Ama şimdi Kuran’ın, İsa’nın bir ağacın dibinde doğduğu fikrini nerden aldığını inceleyeceğiz: Ayrıca ağacın anneyle çocuğun meyve yesin diye eğilmesi efsanesinin kaynağını da. Buradaki ifadelerden ne birinin ne de diğerinin, kanondaki İncil’lerde en ufak bir altyapısının olduğunu söylemek de pek gerekmiyor.

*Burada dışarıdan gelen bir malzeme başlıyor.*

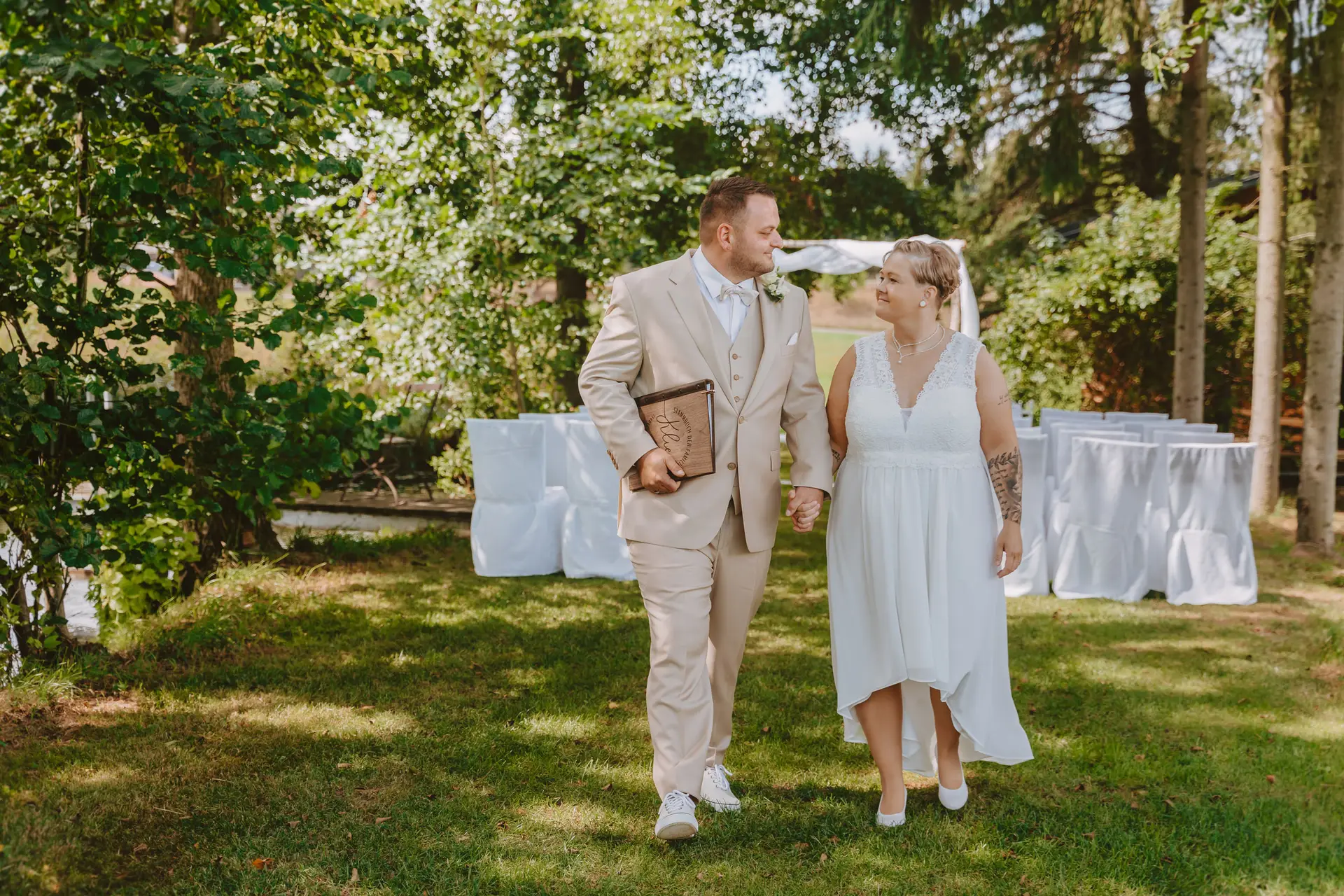 Hochzeitspaar läuft auf grüner Wiese Hand in Hand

İki olayın da kaynağı Budist Pali Kanon’daki kitaplardır. Maha-Vamso’da bize verilen bilgiye göre, bu kitaplar Sri Lanka kralı Vattagamani döneminde, büyük olasılıkla en geç M.Ö. 80 civarında yazıya dökülmüştür 47. Ama bu Pali kitaplarının büyük bölümünün yüzyıllarca önce yazılmış olması da mümkündür. Bu kitaplardaki efsaneler, daha sonra ama yine de çok eski zamanlarda sadece Hindistan’a ve Sri Lanka’ya değil, Orta Asya, Çin, Tibet ve diğer ülkelere de yayılmıştır. Yeşt XIII, 16’da, Mesih’ten önce ikinci yüzyıl kadar eski bir tarihte Budist misyonerlerin Pers ülkesinde bulundukları anlatılmaktadır. Budizm’in Orta Asya, Doğu ve Güney Asya kadar bütün Batı Asya üzerindeki etkisi çok büyüktü. Manastır sisteminin doğuşu kadar Manicilik, Gnostisizm ve diğer sapkınlıklara da bu yol açmıştı 48. Apokrif Müjde’lerdeki birçok yazı, Budizm kökenli görüşlerin, bu düzme kitapların yazarlarının aklında yer ettiğini gösteriyor ama bu insanlar kuşkusuz esinlerinin gerçek kaynağından hiç haberdar değildiler. Bu durumda Muhammet’in yanlış yola girmesi kolaydı; Pali kitaplarında, bilinen en eski ağaç efsanelerini anlatan pek çok yazıya işaret edebiliriz.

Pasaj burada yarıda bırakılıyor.